I’ve just released version 0.9.0. This latest version of Ferret is an
alpha release. I have removed the old c extension and Ferret is now
running on a fully ported C library. This has allowed some huge
performance improvements both with regard to memory and CPU usage.

There will probably be a few portability issues to start with. It has
been developed on Linux so it should work fine there. Windows and Mac
users beware.

Also, the current version doesn’t allow you to extend Ferret. For
example, you can’t write your own analyzer or filter. This will be
rectified in the near future.

http://ferret.davebalmain.com/trac/

Dave Balmain

== Description

Ferret is a full port of the Apache Lucene searching and indexing
library. It’s available as a gem so try it out! To get started quickly
read the quick start at the project homepage;

http://ferret.davebalmain.com/api
http://ferret.davebalmain.com/api/files/TUTORIAL.html

== Changes

  • currently this version isn’t very extendable. For example,
    you can’t write your own Analyzer, Filter or Query.
  • changed Token#term_text to Token#text
  • changed Token#position_increment to Term#pos_inc
  • changed order of args to Token.new. Now Term.new(text, start_offset,
    end_offset, pos_inc=1, type=“text”). NOTE: type does nothing.
  • changed TermVectorOffsetInfo#start_offset to
    TermVectorOffsetInfo#start
  • changed TermVectorOffsetInfo#end_offset to TermVectorOffsetInfo#end
  • added :id_field option to Index::Index class.

hi david,
I installed 0.9.0 to a heavily busy webserver (100k pagevisits/day) and
its working flawlessly (at least it seems so :slight_smile: )… But I have a major
problem. Now ferret doesnt index nor search unicode turkish characters.
I was using StandardAnalyzer in 0.3.2 and it was working fine; because
w+ RegExp statement was somehow working with turkish charset (UTF-8) (in
normal conditions it shouldnt be; but I am luck I think :slight_smile: ).

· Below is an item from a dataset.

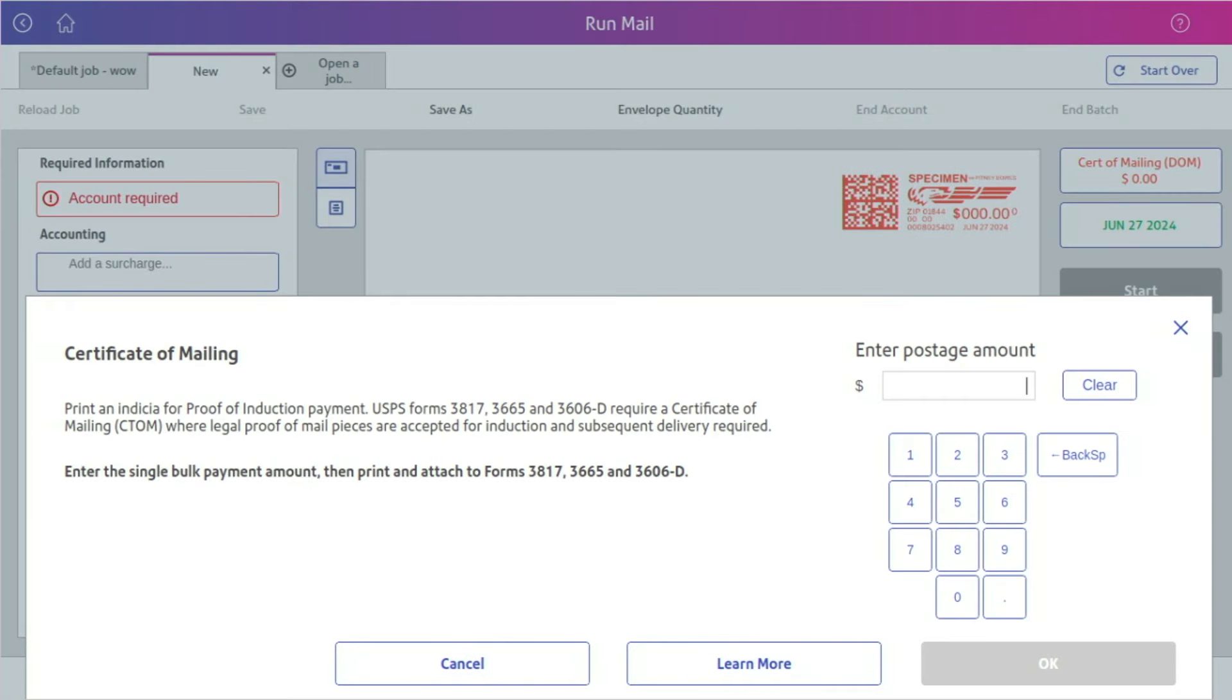Once you click OK, you will see the enter postage box pop up. Calculate the fees for all mail pieces. This can include the cost of the certificate of mailing fee as well as the total postage amount.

Now is there a way that I can make ferret work with unicode again or
should I stick to 0.3.2

thanks in advance, thanks for great work.
onur

Hi Onur,

I’m trying to solve this problem right now. You had better stick with
0.3.2 for the moment but better analyzer support is on it’s way. I’m
still trying to decide whether to include Oniguruma (the future Ruby
regexp library) with ferret or just use the current regex library
comes with Ruby. ferret-0.9.1 should have UTF-8 support.

Cheers,
Dave

thanks david, keep up the great work.